Una riflessione scomoda: i capitali mafiosi alimentano anche una miriade di attività economiche con ricadute occupazionali. Recidere la radice malata significa anche perdita di lavoro e disagio sociale. Come se ne esce?
Quella che lei solleva è una questione profondamente complessa. Da un lato, è vero che l’economia illecita alimentata dalle mafie può generare posti di lavoro, ma questi sono spesso connessi a condizioni di sfruttamento, insicurezza e assenza di diritti. Quando parliamo di attività mafiose che investono in settori come edilizia, rifiuti, sanità o servizi sociali, ci troviamo davanti a una distorsione del mercato e a una concorrenza sleale che crea ingiustizie, mentre alimenta la cultura della sopraffazione. Recidere questa radice malata implica un doppio lavoro: da una parte, il rafforzamento delle istituzioni e della legalità, per evitare che il crimine possa infiltrarsi nelle pieghe dell’economia legale, e dall’altra, una riflessione su come liberare i territori dalla paura e dai bisogni. La soluzione non è solo eliminare le mafie, ma anche creare opportunità che possano ridurre il ricorso all’illegalità, fornendo un’alternativa sana e vantaggiosa per tutti.

L’antimafia ha fatto più bene o male alla lotta alla mafia?
Dipende. Quella a pagamento certamente non ha fatto bene alla lotta alle mafie. Ci sono organizzazioni antimafia che si sentono investite da una sorta di primazia a fare e a controllare ogni cosa. L’antimafia dovrebbe essere intesa come vocazione, come impegno a creare il bene comune. Ma purtroppo non è così. E gli scivoloni si pagano cari in termini di immagine.

La separazione delle carriere, tra magistratura giudicante e requirente, è un cavallo di battaglia del governo Meloni e, in particolare, del ministro della Giustizia Carlo Nordio. Lei ha detto che non è urgente.
E lo ripeto. Non ne vedo il senso: se l’esigenza è evitare ogni forma di appiattimento del giudice al pm, come si spiegano le tante assoluzioni? Ma poi solo lo 0,2% fa il passaggio da una funzione all’altra; e quando viene concesso, il magistrato deve cambiare Corte d’appello. Oggi c’è una forte pressione psicologica sui pubblici ministeri: io ho spalle larghe e nervi d’acciaio, mangio pane e veleno da molti anni, ma immagino i giovani magistrati che con grande entusiasmo e dopo anni di studi hanno superato un concorso e si trovano questo turbinio di riforme che non hanno nulla a che vedere con i bisogni delle parti offese e della giustizia.

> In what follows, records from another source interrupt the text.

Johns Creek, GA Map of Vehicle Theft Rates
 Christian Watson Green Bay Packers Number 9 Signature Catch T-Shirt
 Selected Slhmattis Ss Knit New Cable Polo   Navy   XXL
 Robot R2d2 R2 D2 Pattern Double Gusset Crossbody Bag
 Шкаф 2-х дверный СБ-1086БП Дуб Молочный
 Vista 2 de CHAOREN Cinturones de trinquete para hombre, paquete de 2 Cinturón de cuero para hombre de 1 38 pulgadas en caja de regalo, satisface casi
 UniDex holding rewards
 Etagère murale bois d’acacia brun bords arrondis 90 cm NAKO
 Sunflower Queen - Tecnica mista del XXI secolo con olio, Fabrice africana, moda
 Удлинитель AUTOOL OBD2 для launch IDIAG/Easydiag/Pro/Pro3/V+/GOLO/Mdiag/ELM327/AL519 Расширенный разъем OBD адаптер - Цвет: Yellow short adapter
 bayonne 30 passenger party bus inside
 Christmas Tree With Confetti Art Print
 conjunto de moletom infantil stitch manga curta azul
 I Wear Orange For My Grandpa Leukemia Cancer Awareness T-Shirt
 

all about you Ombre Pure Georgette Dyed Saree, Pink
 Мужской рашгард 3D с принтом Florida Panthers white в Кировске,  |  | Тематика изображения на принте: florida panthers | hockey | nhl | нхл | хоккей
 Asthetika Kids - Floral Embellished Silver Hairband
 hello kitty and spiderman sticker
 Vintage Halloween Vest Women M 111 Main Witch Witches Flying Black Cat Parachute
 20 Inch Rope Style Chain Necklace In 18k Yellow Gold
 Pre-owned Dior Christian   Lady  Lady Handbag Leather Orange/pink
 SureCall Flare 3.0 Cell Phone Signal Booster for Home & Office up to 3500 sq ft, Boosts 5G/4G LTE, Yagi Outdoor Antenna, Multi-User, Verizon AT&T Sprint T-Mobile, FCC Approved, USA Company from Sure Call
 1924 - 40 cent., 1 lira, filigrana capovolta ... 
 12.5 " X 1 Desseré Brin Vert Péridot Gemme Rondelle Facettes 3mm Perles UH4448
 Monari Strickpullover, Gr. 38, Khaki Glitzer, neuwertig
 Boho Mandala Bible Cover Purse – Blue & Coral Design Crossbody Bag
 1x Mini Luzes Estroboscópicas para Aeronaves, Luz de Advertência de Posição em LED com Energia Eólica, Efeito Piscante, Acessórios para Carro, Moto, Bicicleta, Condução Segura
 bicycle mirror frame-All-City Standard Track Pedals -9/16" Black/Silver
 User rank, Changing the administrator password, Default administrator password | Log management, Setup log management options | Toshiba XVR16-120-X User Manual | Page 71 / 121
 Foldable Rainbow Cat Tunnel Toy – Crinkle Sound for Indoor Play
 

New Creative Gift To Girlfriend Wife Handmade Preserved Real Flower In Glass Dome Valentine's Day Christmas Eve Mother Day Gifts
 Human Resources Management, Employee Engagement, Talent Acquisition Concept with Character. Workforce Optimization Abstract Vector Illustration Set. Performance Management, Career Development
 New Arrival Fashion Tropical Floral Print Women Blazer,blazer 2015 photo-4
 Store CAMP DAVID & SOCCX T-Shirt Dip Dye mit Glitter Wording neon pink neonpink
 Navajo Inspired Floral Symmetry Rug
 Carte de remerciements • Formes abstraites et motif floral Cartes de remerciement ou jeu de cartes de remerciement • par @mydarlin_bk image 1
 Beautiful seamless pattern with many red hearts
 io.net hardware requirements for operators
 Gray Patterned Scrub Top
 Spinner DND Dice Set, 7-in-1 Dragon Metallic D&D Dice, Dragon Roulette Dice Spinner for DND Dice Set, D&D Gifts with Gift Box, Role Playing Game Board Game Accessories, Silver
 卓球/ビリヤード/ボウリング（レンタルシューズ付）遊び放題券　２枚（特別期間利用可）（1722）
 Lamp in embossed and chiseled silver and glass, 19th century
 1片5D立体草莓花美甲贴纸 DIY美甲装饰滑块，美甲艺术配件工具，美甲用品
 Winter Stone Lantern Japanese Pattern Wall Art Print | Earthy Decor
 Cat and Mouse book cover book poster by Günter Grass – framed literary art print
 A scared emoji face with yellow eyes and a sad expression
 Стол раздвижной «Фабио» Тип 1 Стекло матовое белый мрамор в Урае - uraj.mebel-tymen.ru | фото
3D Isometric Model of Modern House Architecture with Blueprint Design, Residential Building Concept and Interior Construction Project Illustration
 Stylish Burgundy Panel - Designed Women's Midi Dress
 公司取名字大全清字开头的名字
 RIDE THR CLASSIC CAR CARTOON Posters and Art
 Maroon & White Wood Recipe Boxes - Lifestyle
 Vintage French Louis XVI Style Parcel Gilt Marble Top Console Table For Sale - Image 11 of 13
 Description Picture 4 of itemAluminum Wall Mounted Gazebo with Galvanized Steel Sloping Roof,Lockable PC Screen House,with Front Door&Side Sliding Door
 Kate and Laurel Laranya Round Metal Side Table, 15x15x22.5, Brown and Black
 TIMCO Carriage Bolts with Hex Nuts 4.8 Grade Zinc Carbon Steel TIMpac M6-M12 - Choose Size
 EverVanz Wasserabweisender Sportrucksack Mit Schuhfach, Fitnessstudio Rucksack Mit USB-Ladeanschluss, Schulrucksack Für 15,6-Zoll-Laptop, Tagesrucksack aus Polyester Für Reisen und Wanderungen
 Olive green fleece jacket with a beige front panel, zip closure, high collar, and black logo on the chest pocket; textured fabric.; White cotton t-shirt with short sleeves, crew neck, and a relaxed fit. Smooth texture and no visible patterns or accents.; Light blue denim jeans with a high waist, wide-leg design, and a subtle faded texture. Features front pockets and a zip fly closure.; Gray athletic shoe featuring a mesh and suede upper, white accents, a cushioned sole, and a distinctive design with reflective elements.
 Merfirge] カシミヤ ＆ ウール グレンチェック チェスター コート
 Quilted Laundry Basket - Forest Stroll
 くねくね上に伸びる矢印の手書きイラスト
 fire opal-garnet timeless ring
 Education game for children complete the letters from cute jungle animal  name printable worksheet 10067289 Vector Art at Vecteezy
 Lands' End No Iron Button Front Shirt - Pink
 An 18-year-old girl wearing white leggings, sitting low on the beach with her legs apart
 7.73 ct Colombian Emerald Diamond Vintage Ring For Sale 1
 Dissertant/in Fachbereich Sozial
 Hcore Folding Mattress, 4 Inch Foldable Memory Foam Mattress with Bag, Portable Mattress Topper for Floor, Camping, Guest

Lei ha accusato il governo Meloni di aver abbassato la guardia nel contrasto alla criminalità organizzata.
Diciamo che, negli ultimi trent’anni, pochi possono dire di aver fatto qualcosa per migliorare l’azione di contrasto alle mafie. A questo Governo rimprovero di aver messo in piedi una serie di riforme che non erano assolutamente necessarie. C’era altro da fare per liberare i territori dalla paura e dal bisogno. Limitare le intercettazioni, separare le carriere e addirittura pensare di punire i magistrati per ingiusta detenzione non mi sembrano misure tese a rafforzare la lotta alla criminalità mafiosa.

Su un punto però lei e il presidente Giorgia Meloni la pensate allo stesso modo: la guerra totale alle droghe, di ogni tipo.
Su questo sono d’accordo con lei. La presidente Meloni sembra avere le idee chiare. Bisogna investire di più sulla prevenzione e sull’informazione. Tenere in carcere i tossicodipendenti non serve a nessuno. Bisogna aiutarli a disintossicarsi. Ci sono tanti centri che con amore e professionalità si occupano di chi finisce nella spirale delle droghe. Ora bisogna evitare che in Europa prenda piede il fentanyl, com’è successo in Canada, ma soprattutto negli Stati Uniti. E per questo bisogna tenere alta la guardia e far capire ai giovani che le droghe sintetiche non sono meno pericolose di quelle tradizionali.

Adesso che guida la Procura di Napoli, le tocca vivere lontano dalla sua terra, la Calabria. È vero che le mancano i suoi alberi di bergamotti?
Mi sto abituando al meraviglioso golfo di Napoli, non posso certo lamentarmi. Ovviamente mi manca la mia terra, ma ci torno quando posso. Non riesco a vivere lontano dal mio paese, dal mio bergamotteto. Ma questo non mi impedisce di lavorare con impegno e determinazione. I problemi non mancano.